A missed connection is a type of personal advertisement which arises after two people meet but are too shy or otherwise unable to exchange contact details. The ‘Missed Connections’ section of Craigslist gets thousands of ads of this type every month for cities such as New York and San Francisco.

The feature was started by Jim Buckmaster, Craigslist’s CEO, after he noticed a common type of posting in their personal ads, which he characterised as ‘you-smiled-at-me-on-the-subway-platform.’ He sees the format as addressing a common human need and being ideal for romantic comedy, ‘Missed Connections give people that second chance … They represent persistence in the face of long odds, which definitely adds to their artistic appeal.’

Other major cities have similar columns in Craigslist and their own local media. For example, London’s ‘Metro’ newspaper has a ‘Rush-hour Crush’ column for commuters who exchange glances but nothing more. Many connections are reestablished and couples have become married in this way, such as ‘tall rugby player’ and ‘beautiful lady in the red dress with long brown curly hair.’ In the Pacific NW, the most common location was on the bus. In the Pacific SW, it was the gym. In the North East, it was the subway and train. In the Midwest, it was the supermarket. In Texas and the Gulf, it was Walmart.

The online format for this on Craigslist scrolls so that postings disappear after 45 days. This gives a second possibility of a poignant loss as the posting might not be seen in time to reunite the couple. Mobile phone apps such as Grindr have been created which facilitate hook-ups between strangers immediately. (However, these require location data which may be a security concern.)

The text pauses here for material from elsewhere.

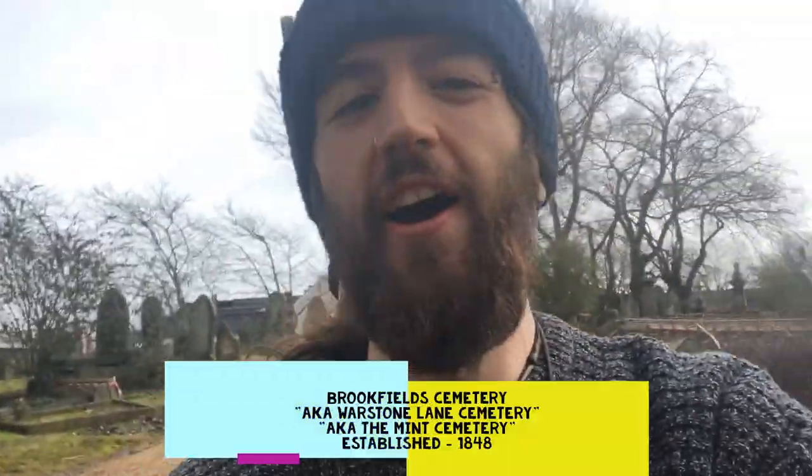Today I'm in Brookfield Cemetery in the Jewelry Quarter of Birmingham City.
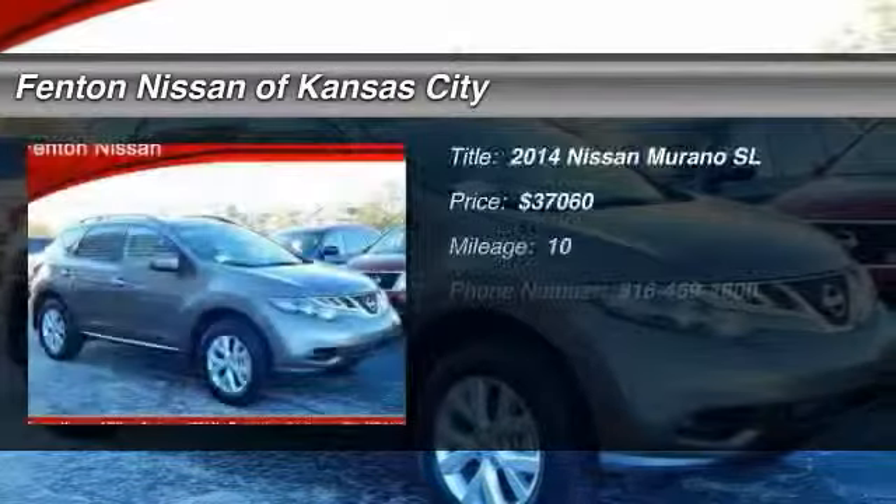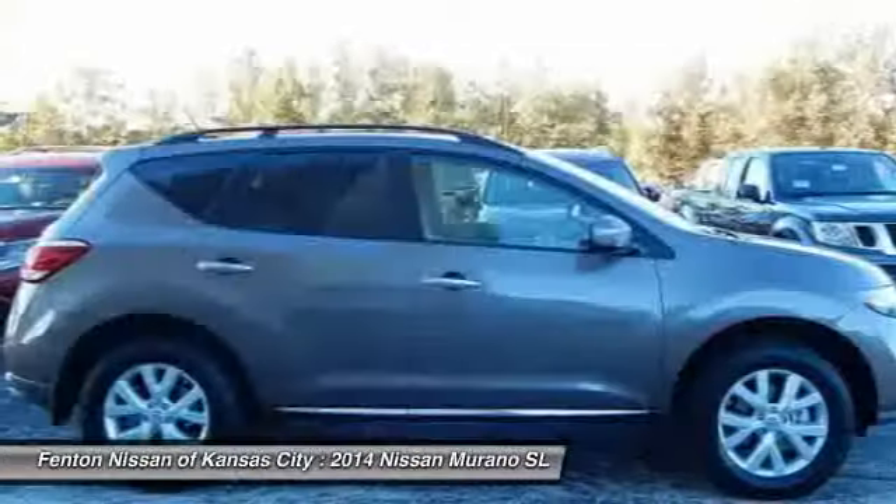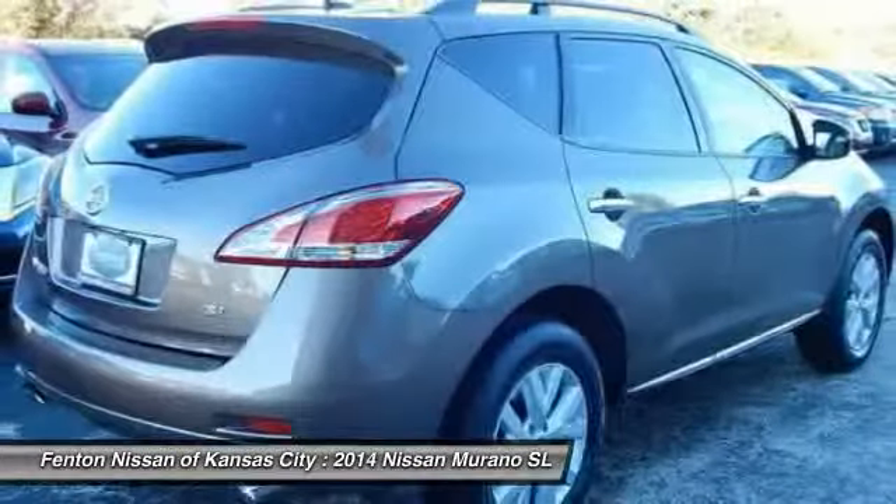The 2014 Nissan Murano — the peace of mind of award-winning safety, including a five-star rating for side impact crash safety, comes standard with the Nissan Murano.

The topic has been used as a theme by artists and authors. The New York Transit Museum held a special exhibition of such work on Valentine’s Day of 2011. Sophie Blackall’s ‘Missed Connections: Love, Lost and Found’ was featured. One of her favorites was: ‘We Shared a Bear Suit at an Apartment Party’ — ‘I thought that was brilliant. How could you share a bear suit with somebody and not exchange any details? It seemed like such an intimate thing to do.’